Despite the lower costs, Phillips said Crestwood is not relying on producer plans for G&P services to drive its cash flow. The midstreamer spent billions in expansion capital from 2017-2019 to build out excess capacity for G&P assets “to ensure that we could handle full inventory developed by our main producers at the price levels” seen in 2017 to 2019.
Positive 2021 Outlook
“Obviously, the market has changed a little bit,” Phillips said. Nevertheless, the CEO said Crestwood is “very comfortable” with its current volume profile at a $40/bbl oil price and above, which would continue to support free cash flow (FCF), strong distribution coverage and continued debt reduction.
“And at $50/bbl, it’s just math really.
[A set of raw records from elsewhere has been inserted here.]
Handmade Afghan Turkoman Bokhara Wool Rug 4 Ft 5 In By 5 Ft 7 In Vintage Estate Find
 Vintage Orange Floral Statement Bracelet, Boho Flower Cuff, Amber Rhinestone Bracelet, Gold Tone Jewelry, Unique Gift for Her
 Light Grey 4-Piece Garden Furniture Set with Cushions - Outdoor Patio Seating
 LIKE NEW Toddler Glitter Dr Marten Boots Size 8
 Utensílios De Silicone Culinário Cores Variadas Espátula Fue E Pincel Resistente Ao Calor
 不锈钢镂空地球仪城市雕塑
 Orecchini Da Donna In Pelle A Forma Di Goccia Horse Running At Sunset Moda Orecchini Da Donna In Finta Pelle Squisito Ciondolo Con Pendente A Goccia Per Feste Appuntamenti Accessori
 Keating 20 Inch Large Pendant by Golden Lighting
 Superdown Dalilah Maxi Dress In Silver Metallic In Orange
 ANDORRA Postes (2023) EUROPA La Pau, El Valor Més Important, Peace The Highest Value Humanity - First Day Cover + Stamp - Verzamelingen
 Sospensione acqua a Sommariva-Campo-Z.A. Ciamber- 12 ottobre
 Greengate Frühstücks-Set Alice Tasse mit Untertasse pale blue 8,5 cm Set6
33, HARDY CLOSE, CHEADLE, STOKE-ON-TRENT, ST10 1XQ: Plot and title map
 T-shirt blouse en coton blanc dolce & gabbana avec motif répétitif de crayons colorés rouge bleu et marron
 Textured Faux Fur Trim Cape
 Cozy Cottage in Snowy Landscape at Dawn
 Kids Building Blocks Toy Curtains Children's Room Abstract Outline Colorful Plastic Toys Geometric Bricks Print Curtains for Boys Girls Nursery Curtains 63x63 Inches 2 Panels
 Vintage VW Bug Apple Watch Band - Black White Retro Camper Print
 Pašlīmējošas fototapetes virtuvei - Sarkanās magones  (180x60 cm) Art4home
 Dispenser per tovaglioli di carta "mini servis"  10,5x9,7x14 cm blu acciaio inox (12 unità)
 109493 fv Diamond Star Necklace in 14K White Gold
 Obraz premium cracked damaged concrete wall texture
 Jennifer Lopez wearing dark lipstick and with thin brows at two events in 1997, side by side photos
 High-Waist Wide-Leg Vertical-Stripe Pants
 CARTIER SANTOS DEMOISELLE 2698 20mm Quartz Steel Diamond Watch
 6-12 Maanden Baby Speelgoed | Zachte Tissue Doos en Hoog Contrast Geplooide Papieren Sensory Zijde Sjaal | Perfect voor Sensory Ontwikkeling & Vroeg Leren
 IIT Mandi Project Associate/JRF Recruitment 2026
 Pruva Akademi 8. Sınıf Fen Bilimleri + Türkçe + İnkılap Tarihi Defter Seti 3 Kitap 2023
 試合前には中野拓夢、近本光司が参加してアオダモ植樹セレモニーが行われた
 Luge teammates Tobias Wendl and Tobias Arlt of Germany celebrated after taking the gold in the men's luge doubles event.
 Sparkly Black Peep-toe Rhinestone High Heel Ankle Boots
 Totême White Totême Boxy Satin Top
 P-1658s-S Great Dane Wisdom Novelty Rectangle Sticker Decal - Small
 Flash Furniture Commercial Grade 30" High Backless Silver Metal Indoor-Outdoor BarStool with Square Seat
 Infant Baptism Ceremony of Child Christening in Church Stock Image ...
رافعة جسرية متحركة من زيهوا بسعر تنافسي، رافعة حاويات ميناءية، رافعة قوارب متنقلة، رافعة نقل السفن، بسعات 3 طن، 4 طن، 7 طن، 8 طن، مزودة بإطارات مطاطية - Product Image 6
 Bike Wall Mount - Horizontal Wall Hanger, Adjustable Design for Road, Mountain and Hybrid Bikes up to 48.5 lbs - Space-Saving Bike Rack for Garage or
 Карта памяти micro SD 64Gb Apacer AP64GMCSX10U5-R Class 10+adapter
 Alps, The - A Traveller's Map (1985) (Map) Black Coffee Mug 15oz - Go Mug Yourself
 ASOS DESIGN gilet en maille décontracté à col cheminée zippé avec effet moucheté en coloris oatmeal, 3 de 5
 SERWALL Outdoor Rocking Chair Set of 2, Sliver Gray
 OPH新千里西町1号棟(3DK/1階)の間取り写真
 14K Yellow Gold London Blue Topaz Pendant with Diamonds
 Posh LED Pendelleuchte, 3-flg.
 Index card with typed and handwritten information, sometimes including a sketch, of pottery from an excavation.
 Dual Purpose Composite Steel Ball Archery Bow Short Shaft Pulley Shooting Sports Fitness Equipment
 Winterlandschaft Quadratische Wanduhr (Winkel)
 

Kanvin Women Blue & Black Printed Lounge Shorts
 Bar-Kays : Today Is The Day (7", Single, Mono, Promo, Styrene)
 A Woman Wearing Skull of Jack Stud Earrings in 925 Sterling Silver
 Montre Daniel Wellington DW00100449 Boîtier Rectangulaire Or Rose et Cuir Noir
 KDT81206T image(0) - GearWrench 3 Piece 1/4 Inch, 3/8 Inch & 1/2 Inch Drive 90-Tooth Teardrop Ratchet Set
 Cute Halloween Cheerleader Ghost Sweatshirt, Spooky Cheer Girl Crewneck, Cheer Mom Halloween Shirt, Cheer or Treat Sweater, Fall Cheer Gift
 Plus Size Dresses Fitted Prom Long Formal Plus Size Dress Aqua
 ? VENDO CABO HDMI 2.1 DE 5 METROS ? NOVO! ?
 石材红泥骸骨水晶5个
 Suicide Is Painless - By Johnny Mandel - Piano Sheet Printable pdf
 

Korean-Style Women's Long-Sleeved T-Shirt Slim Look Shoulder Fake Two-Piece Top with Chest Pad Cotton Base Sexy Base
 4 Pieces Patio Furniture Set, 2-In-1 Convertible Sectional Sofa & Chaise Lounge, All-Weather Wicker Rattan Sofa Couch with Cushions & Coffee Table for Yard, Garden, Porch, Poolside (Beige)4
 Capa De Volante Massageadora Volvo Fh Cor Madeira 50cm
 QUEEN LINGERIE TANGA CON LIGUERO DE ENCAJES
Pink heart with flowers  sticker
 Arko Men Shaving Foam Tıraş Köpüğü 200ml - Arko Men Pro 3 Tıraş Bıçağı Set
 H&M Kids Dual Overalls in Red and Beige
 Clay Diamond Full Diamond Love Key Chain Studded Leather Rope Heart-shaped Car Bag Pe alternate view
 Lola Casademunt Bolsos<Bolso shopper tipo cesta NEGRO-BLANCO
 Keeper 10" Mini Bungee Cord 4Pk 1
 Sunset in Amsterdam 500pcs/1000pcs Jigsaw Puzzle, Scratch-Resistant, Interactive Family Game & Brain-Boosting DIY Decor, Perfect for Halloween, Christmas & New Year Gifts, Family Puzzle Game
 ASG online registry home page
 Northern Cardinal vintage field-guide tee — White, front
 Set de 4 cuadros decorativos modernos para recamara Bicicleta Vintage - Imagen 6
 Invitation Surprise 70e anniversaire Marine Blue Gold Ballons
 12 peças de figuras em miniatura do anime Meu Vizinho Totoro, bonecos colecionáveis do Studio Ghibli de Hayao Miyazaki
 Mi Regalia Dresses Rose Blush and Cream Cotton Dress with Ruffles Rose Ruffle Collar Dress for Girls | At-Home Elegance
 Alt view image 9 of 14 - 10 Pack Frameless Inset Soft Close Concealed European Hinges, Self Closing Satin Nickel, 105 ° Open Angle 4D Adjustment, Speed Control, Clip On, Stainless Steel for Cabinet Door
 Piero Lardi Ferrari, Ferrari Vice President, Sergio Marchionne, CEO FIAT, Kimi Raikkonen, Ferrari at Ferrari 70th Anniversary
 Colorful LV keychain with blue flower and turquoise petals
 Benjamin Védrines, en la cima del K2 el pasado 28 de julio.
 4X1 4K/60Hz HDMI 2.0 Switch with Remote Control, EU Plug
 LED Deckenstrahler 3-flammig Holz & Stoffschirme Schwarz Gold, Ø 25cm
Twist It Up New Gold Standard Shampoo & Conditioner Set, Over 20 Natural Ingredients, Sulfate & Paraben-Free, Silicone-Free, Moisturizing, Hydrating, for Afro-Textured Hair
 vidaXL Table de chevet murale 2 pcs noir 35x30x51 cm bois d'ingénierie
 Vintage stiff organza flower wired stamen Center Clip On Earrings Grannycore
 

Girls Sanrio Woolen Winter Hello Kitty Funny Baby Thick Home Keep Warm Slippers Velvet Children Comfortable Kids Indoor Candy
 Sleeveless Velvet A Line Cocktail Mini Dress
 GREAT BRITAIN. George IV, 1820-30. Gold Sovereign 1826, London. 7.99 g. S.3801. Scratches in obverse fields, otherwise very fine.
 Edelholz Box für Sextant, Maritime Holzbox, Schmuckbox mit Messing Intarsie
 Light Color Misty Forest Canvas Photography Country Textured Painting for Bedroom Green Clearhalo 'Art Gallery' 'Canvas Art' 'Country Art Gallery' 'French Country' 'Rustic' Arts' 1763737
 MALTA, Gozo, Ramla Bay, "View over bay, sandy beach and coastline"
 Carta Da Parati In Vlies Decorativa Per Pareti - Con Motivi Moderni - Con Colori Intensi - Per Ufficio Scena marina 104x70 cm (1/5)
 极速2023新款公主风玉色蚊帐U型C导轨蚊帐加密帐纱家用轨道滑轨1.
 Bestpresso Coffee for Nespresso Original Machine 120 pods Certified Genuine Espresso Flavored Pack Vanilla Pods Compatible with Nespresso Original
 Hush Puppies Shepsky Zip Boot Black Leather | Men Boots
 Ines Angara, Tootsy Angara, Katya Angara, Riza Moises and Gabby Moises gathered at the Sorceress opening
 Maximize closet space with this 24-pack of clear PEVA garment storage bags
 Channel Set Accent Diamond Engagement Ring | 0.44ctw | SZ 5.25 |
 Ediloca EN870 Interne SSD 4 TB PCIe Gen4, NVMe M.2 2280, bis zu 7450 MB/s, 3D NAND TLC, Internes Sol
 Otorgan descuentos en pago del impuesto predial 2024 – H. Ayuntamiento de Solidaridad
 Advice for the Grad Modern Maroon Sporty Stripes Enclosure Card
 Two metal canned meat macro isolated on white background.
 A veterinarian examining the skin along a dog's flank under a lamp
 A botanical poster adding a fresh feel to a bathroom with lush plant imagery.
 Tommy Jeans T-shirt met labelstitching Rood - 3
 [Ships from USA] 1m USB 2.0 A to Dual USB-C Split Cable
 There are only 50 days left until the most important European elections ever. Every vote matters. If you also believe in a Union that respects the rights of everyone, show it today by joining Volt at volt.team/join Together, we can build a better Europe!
We can accelerate debt paid down, strengthen our balance sheet further” and “create more financial flexibility” that could be used to take advantage of opportunities in the market.
Crestwood invested about $11 million in growth capital during the quarter and generated around $30 million in FCF after distributions. It also reduced total debt through a combination of paying down debt and “opportunistically” repurchasing senior notes at a discount to par.
Full-year 2020 results are expected to exceed the midpoint of the revised guidance. Based on conversations with customers, the 2021 guidance range is estimated to be similar to 2020, with growth capital less than $40 million and maintenance capital $20 million or less.
On the topic of mergers and acquisitions (M&A), Phillips said the consolidation in the upstream sector should inevitably trickle down to the midstream space. “The industry gets healthier through consolidation,” and Crestwood’s focus on a strong balance sheet and financial flexibility “plays well into a consolidating market, really on both sides of the trade.”
As the industry transitions to cleaner energy and a lower growth model for fossil fuels, Crestwood management believes “natural gas will play a prominent role in the midstream sector, will continue to improve our sustainability initiatives and be an important part of the energy supply chain.”
Phillips touted Crestwood for its sustainability report in 2018, which nearly every energy company now publishes each year to report environmental, social and governance (ESG) initiatives.
“We’re not following ESG trends. We are actually setting them,” he said. “Crestwood is right at the forefront of that move.”
Crestwood reported third quarter net income of $4.6 million (minus 28 cents/share), down from net income of $33.6 million (12 cents) in the year-ago period. Distributable cash flow was $86.5 million, up 5% from a year ago.